Jornal do Brasil

Sexta-feira, 25 de Abril de 2014

Coisas da Política

Mensagem aos “heroicos” trucidadores de crianças

Mauro Santayana

Circula pela internet vídeo de alguns segundos, que mostra duas crianças de Sirte sendo atendidas em algum lugar que lembra um ambulatório improvisado. São o menino, de 5 ou 6 anos, e a menina, de idade parecida. O menino grita de dor, ainda que tenha as duas mandíbulas, o queixo e a garganta dilacerados, provavelmente por estilhaços de bomba. A menina está em silêncio, olhando o nada, como se o nada pudesse explicar-lhe o sofrimento do menino e o seu calcanhar arrancado, o pé quase pendente da perna. O leitor Eugênio, enviou-me os links de acesso às imagens:

http://grupobeatrice.blogspot.com/2011/11/o-jornal-nacional-nao-mostrou.html#links

e

http://www.youtube.com/watch?v=hobDCtmx0xo&feature=player_embedded&oref=http%3A%2F%2Fs.ytimg.com%2Fyt%2Fswfbin%2Fwatch_as3-vflrEm9Nq.swf&skipcontrinter=1

Como veterano jornalista, que cobriu crimes bárbaros e acidentes terríveis, e a dura experiência de guerras civis e invasões militares — mas, acima de tudo, como pai e avô — confesso que nada foi tão fundo na minha tristeza do que a imagem das crianças de Sirte. Das ainda vivas, e das mortas da família Khaled. Foi possível imaginar os milhares de outras crianças, mortas e feridas, na Líbia, no Afeganistão, no Iraque, na Palestina.
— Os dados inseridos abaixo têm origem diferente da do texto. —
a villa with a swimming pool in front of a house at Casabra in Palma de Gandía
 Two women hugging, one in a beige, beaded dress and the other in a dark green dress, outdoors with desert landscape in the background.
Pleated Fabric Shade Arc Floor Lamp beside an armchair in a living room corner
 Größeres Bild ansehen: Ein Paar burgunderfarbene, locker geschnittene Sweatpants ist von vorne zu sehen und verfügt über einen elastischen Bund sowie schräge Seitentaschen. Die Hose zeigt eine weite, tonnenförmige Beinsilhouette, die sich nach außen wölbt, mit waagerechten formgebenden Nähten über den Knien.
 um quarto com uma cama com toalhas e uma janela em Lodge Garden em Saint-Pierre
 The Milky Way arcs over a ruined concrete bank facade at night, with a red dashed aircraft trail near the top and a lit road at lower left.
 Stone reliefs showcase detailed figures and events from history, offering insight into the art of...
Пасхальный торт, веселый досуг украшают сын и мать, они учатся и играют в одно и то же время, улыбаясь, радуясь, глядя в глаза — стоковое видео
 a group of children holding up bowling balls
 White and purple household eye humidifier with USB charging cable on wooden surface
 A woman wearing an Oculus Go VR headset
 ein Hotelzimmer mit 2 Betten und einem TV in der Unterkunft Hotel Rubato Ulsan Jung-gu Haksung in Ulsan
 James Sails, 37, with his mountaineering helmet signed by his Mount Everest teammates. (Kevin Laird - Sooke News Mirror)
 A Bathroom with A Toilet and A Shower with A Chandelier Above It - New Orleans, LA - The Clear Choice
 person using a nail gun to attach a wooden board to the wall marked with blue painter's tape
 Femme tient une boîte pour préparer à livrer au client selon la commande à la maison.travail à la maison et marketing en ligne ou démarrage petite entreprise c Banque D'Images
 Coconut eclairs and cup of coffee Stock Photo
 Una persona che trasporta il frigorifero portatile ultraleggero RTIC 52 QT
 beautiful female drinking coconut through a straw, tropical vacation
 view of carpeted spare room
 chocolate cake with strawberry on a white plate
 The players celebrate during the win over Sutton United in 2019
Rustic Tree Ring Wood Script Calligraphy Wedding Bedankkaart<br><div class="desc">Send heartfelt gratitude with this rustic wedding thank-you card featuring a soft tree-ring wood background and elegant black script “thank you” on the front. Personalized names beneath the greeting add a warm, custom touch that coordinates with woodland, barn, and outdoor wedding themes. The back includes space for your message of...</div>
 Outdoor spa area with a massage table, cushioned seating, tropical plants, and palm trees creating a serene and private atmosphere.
Diante das cenas, revi o presidente Barack Obama, sua elegante mulher e suas duas filhas, lindas, sorridentes, que o pai presenteou com um cão, para que o fizessem passear pelos jardins da Casa Branca. Revi-as viajando pelo mundo, e visitando escolas na África e na América Latina. E fiquei sabendo da alegria de monsieur Sarkozy em ser novamente pai. Em sua relativa juventude, marido de uma cantora jovem, famosa e bela, o presidente da França terá, é o que todos esperamos, anos felizes ao lado da filha. Irá conduzi-la pela mão entre os canteiros dos jardins de Paris, e, se as coisas da política lhe permitirem, a ela contará passagens de sua própria infância. Ouvirá a mulher, com sua voz magnífica, cantar-lhe as mais belas berceuses. E quando ela ficar mocinha, se enlevará com as canções de sua mãe, como Quelqu’un m’a dit, e seus versos abertos: “Alguém me disse que nossas vidas não valem grande coisa/ Passam em um instante, como fenecem as rosas”.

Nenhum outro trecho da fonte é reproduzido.